= WORK REQUIRED =
Write out exactly the lines from the one that contains "Asos Design Organic" down to the last line of the material below, keeping both ends and omitting pictures.

= EXERCISE DATA =
■ ■ ■

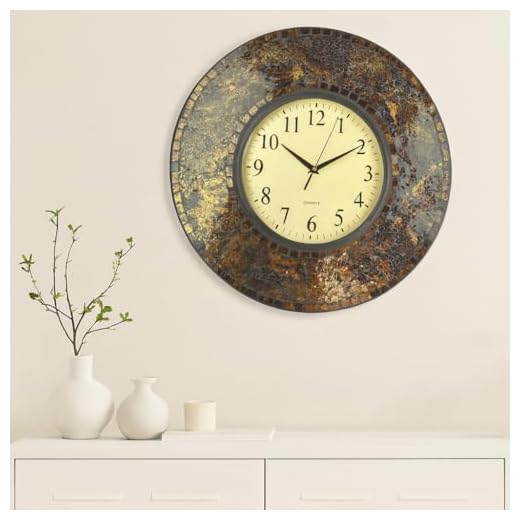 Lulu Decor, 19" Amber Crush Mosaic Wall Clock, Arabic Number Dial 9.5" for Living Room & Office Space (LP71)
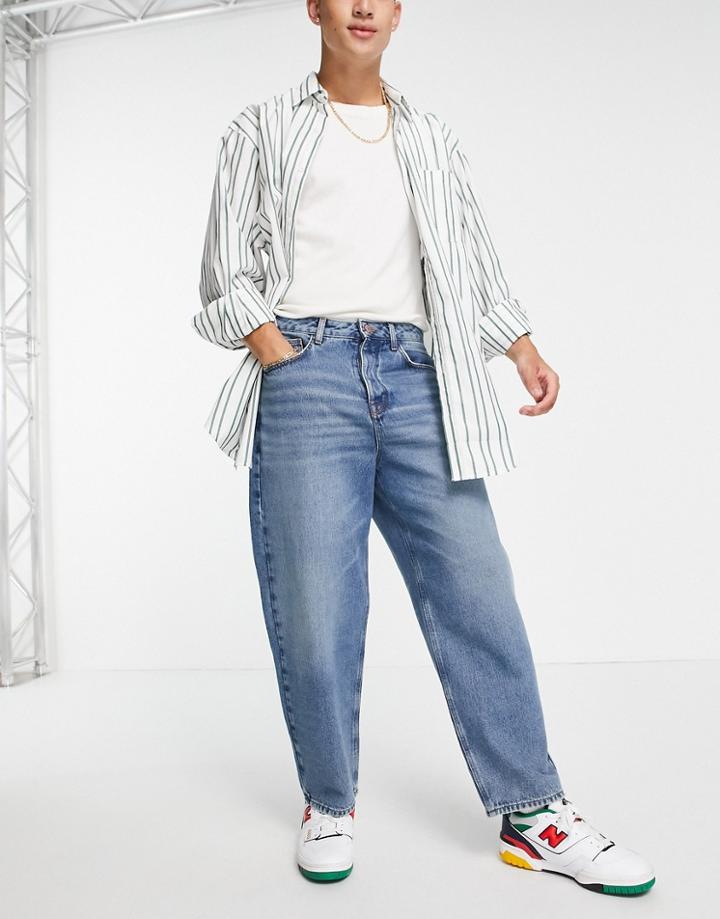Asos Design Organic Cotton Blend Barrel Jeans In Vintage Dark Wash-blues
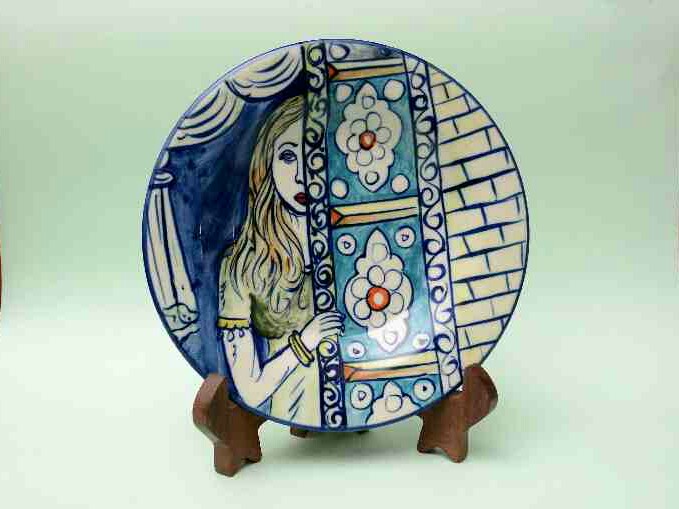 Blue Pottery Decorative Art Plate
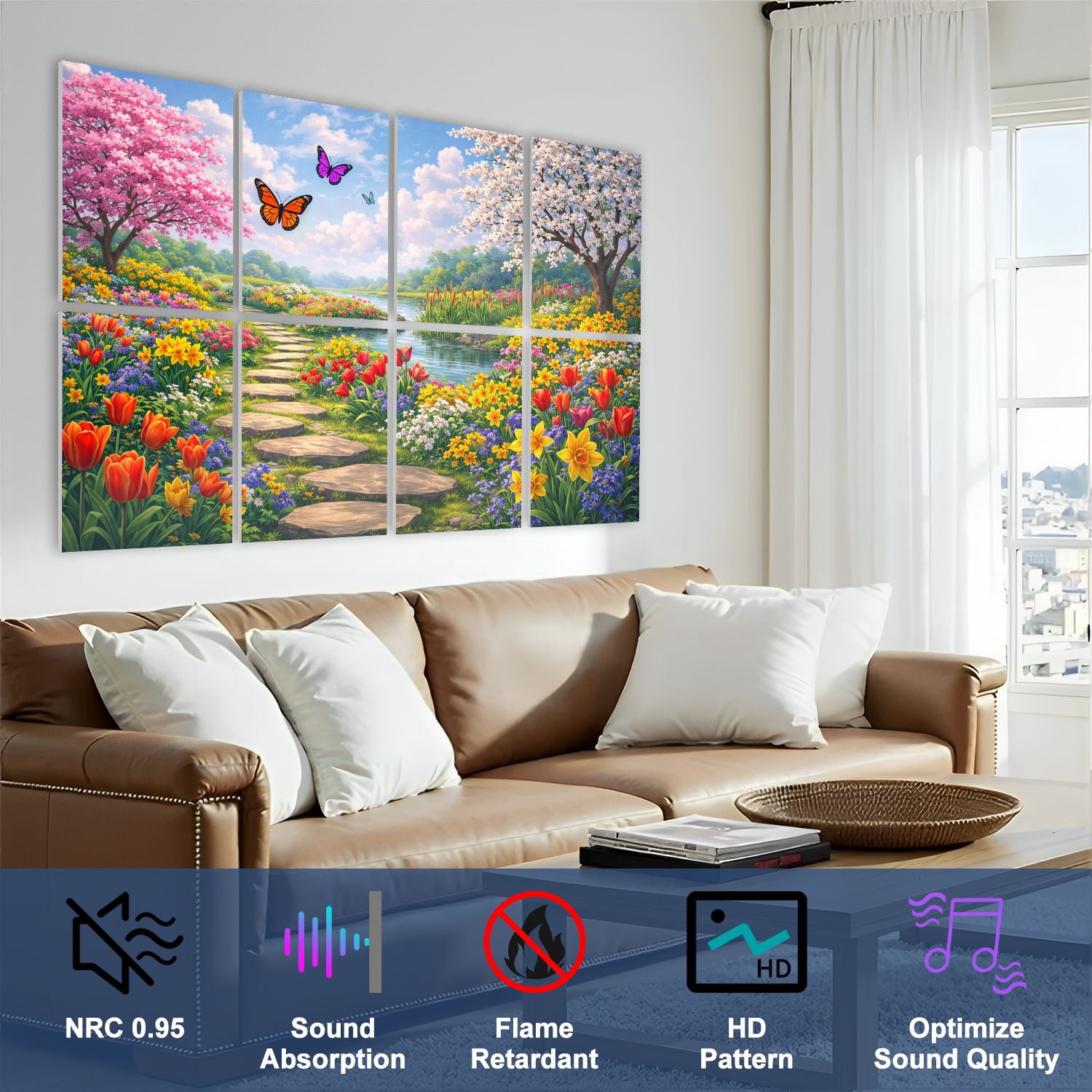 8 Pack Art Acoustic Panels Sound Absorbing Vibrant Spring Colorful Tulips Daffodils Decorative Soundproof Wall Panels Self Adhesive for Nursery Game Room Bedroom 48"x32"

■ ■ ■

= TASK OUTPUT =
Asos Design Organic Cotton Blend Barrel Jeans In Vintage Dark Wash-blues
 Blue Pottery Decorative Art Plate
 8 Pack Art Acoustic Panels Sound Absorbing Vibrant Spring Colorful Tulips Daffodils Decorative Soundproof Wall Panels Self Adhesive for Nursery Game Room Bedroom 48"x32"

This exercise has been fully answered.